La division sexiste du travail a relégué de nombreuses femmes dans leur foyer, sans qu'elles en aient réellement fait le choix. Réclamer un salaire pour le travail ménager ne bouleverse en rien cette division du travail, mais tout au contraire l'institutionnalise, la renforce. Si la femme est payée pour accomplir une tâche ménagère, elle ne pourra plus compter sur la participation de l'homme aux diverses tâches ménagères et d'élevage des enfants car lui est payé pour faire une autre tâche bien précise pour laquelle la femme n'apporte aucune participation ! C'est élargir la division du travail salarié à tout travail, le salaire enfermant chaque individu dans un rôle bien précis.

En effet, notre objectif n'est pas de pousser le salariat à son comble, mais bien au contraire de le renverser, afin que chacun et chacune puisse se libérer des rôles dans lesquels la société nous confine.

Mais cela va plus loin encore lorsqu'il s'agit des enfants : "... les italiennes des comités pour le salaire au travail ménager, expliquant que le travail sexuel fait partie du travail ménager, en concluaient qu'une grossesse non désirée était un accident de travail. En conséquence, en plus du remboursement par la sécurité sociale de l'avortement, elles exigeaient une indemnité pour accident de travail pour les dommages physiques et psychologiques qu'avait pu provoquer cette grossesse non désirée ..." (Face-à-Femmes, Ed. Alternatives). Je suppose que le "travail sexuel" englobe les grossesses, l'élevage des enfants c'est-à-dire la reproduction ! cette position consiste donc à assimiler le système de reproduction au système de production ; une fois de plus cela a pour conséquence non de détruire le système capitaliste (c'est pourtant l'objectif que se donnent ces femmes), mais de le pousser à son comble et de le perfectionner.

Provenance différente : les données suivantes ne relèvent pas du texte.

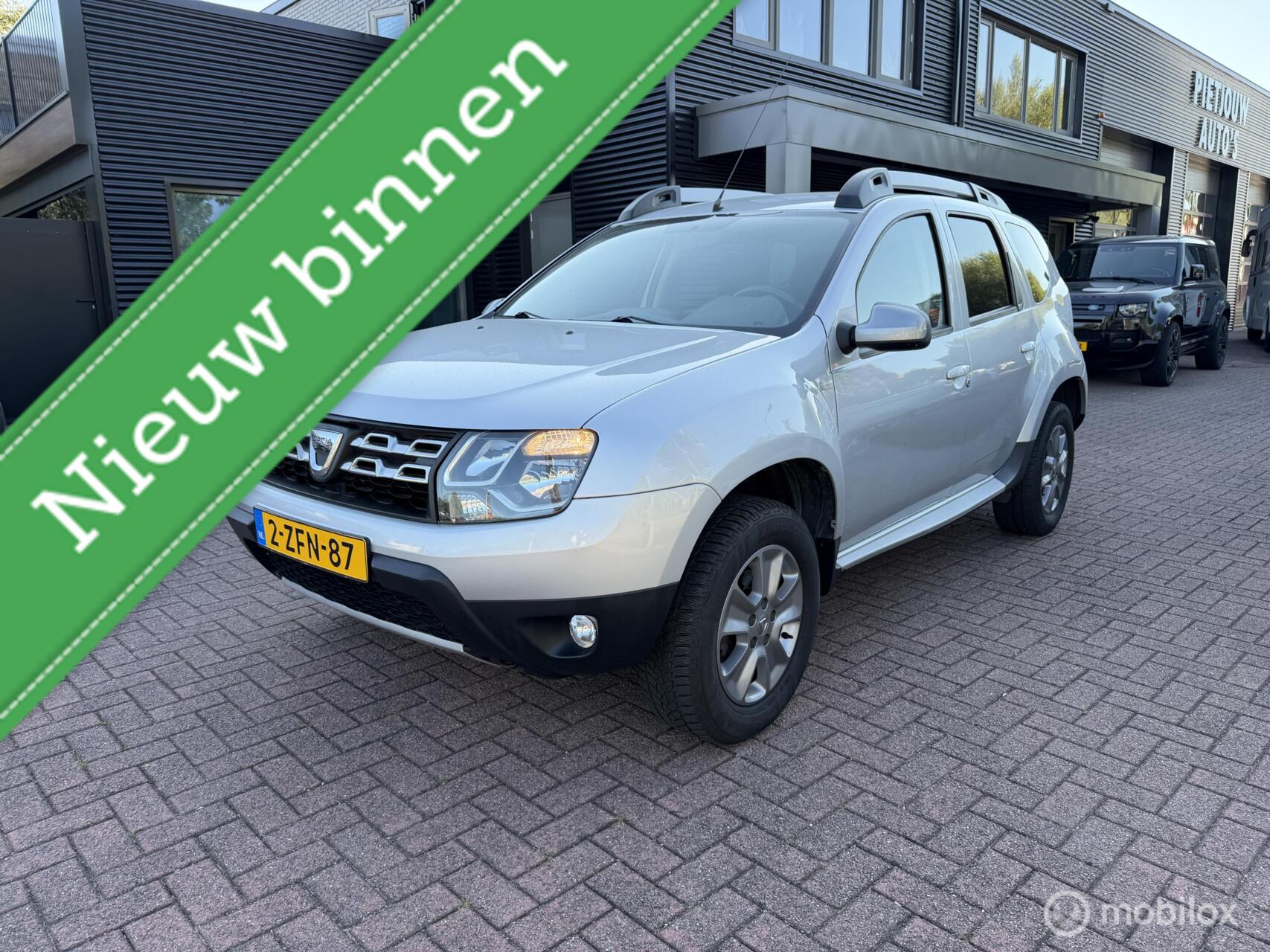 Dacia Duster 1.2 TCe 4x2 Prestige Airco Navigatie Trekh Nap 2015 - voorkant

Il ne suffit pas de lui soutirer de l'argent par tous les moyens, pour le détruire ; on a suffisament vu que des revendications purement salariales n'aboutissent jamais à changer le système car elles ne touchent pas au vrai problème.

Nous pensons que pour lutter contre la division sexiste du travail et contre le salariat, il faut faire dès maintenant des propositions qui même si elles apparaissent réformistes ponctuellement, créent des structures sociales qui nous rapprochent d'une révolution à caractère libertaire. Revendiquer un salaire pour le travail ménager ne fait que renforcer les structures traditionnelles. Par contre demander une réduction du temps de travail et une formation égale pour tout peut permettre à la femme et à l'homme de participer à part égale au travail productif, au travail ménager, à l'éducation et aux soins des enfants.